On Sunday, thousands took to the streets in Italian cities and worldwide in coordinated demonstrations that organizers said were aimed at restoring the dignity of Italian women amid the latest sex scandal and after years in which Mr. Berlusconi has routinely appointed television showgirls to political office.
Here’s a Euronews report on the demonstrations:
It should be an interesting trial: Berlusconi will be judged by a panel of three women:
Giulia Turri, Orsola De Cristoforo and Carmen D’Elia were named today as the judges who will preside over the April 6 trial in Milan. Turri, for one, is no stranger to tough cases. In 2009, she presided over a trial in which two managers at Google Inc. were acquitted of tax-evasion charges. Last July, she ordered house arrests as part of a high-profile investigation into cocaine use and trafficking at some of Milan’s most fashionable night clubs.
“In the court we have wonderful judges and most of them are women,” Giuseppe Vaciago, an independent criminal lawyer in Milan, said in a telephone interview. “So this is not so strange, but it is a bit ironic.”
The trial will probe Berlusconi’s relationship with Karima El Mahroug, a Moroccan nightclub performer nicknamed Ruby Heart Stealer who attended a party at his Milan mansion last February when she was 17. The abuse-of-power charge stems from his role in helping secure El Mahroug’s release from police custody in Milan after her detention in May on unrelated theft charges.
Basta the bunga bunga.
One needn’t be bilingual to get the drift. It’s Italianese: Enough with the orgies, the Lolita prostitutes and the old satyr rutting.
Prime Minister Silvio Berlusconi has been notoriously leading with his Johnson — Giovanni? — for years, growing increasingly sybaritic and scandalizing as he approaches his 75th birthday, unapologetic and defiant and counter-thrusting as always.
“Bunga bunga’’ has entered the Italian lexicon as slang to describe Berlusconi’s debauchery, shouted in war-type by those newspapers that aren’t part of the premier’s vast, privately owned media empire. But where Egypt’s youth-led revolt succeeded in bringing down a dictator, the democracy that is Italy appears incapable of rousting this aging creep.
He pays for the company of underage girls. He throws lavish bacchanals at his palazzos — likened to brothels — from Rome to Milan and a hideaway villa in Sardinia. He’s being divorced over his alleged dalliances with jailbait. He uses political muscle to intervene in police investigations. He champions bodacious TV presenters, starlets and beauty pageant contestants for public office.
And he deploys a government official — ex-showgirl, formerly the dental hygienist who polished his teeth — as a de facto pimp, allegedly tasked with corralling compliant girl-flesh for Berlusconi’s wild parties and stashing them in handy rent-free apartments.

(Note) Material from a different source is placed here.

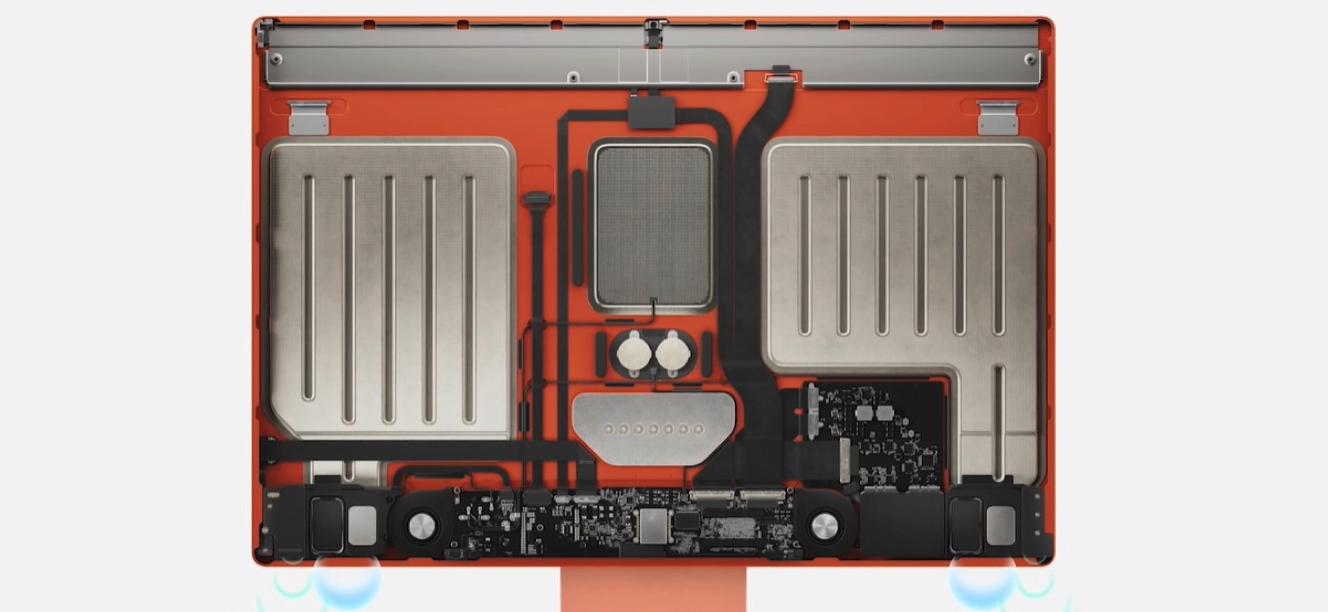 苹果imac24英寸2021接口够不够用,苹果imac2021款新到怎么用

Later in her column (which should be read in full) she concludes:
Every day seems to flush out more dirt on Berlusconi’s purported sexual depravities. Prosecutors have amassed hundreds of pages of wiretap conversations; at least one escort has turned over secretly recorded audio and videotapes of her encounters with the old coot. There’s apparently a lively black market out there in cellphone photos of a naked Berlusconi surrounded by nubiles.
Still, his approval rating has slipped only from 40 to 35 per cent in opinion polls and only 13 per cent believe his career is over if it’s proven he paid for sex with underage prostitutes.
There just might be bungee bounceback in bunga bunga after all.
Here’s a BBC timeline on Berlusconi, who has been Italy’s prime minister since 2008.
Meanwhile, the clamor in Italy continues for his resignation.
I predict Berlusconi will stick it out for another year.